%%

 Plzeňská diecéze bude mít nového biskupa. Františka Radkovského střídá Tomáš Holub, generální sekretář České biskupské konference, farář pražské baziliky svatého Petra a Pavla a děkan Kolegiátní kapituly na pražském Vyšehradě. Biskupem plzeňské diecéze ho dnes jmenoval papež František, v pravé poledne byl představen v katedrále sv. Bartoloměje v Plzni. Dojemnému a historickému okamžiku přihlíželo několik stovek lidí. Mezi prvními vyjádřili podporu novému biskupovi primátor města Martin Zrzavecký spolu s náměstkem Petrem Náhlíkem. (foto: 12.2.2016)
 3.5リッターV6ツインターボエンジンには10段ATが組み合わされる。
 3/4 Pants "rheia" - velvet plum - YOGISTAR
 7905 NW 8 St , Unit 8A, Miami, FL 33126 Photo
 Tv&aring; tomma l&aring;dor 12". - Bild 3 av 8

%%
%%

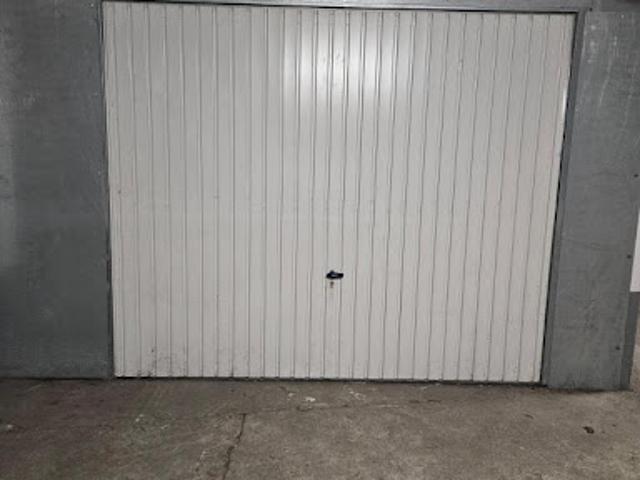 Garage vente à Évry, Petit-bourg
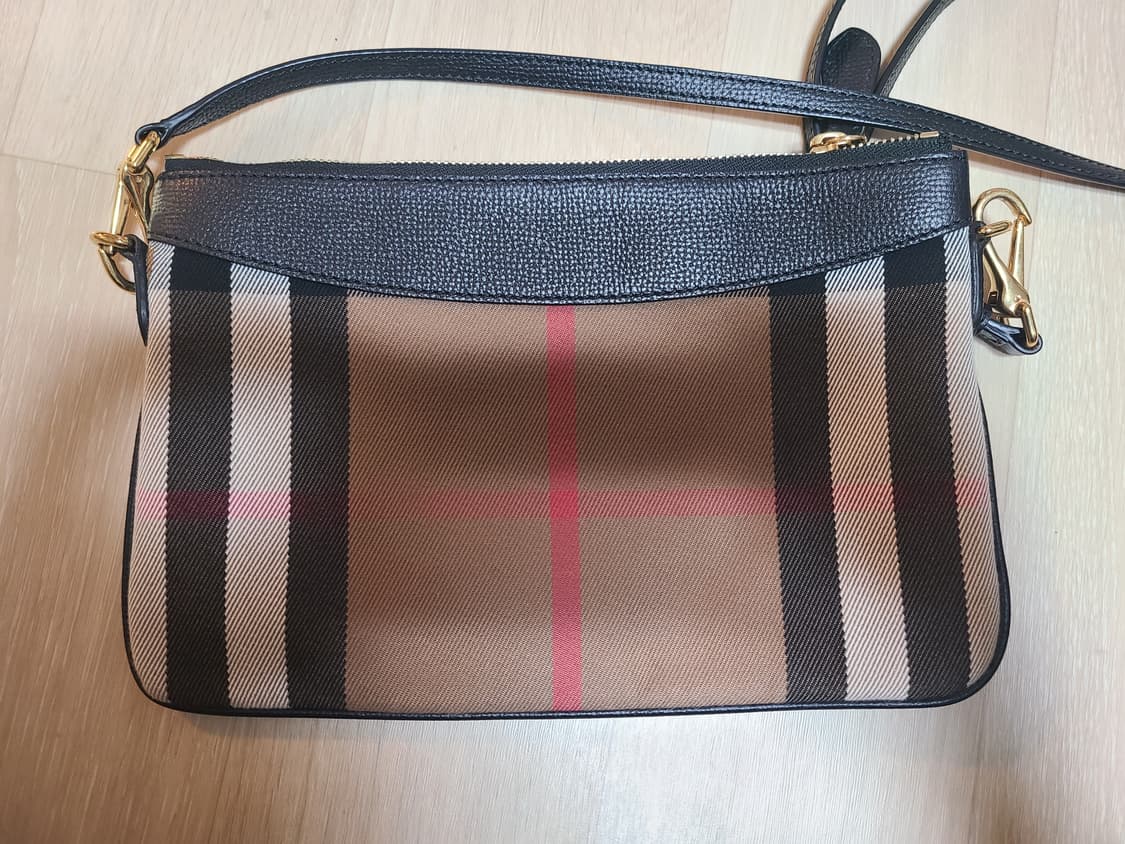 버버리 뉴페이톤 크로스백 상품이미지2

%%

Beginning with the line holding "3.5リッターV6ツインターボエンジンには10段ATが組み合わされる。" and ending with the line holding "Tv&aring; tomma l&aring;dor", write out the stretch of material above exactly; add no further lines.

=== SOLUTION TO THIS PROBLEM ===
 3.5リッターV6ツインターボエンジンには10段ATが組み合わされる。
 3/4 Pants "rheia" - velvet plum - YOGISTAR
 7905 NW 8 St , Unit 8A, Miami, FL 33126 Photo
 Tv&aring; tomma l&aring;dor 12". - Bild 3 av 8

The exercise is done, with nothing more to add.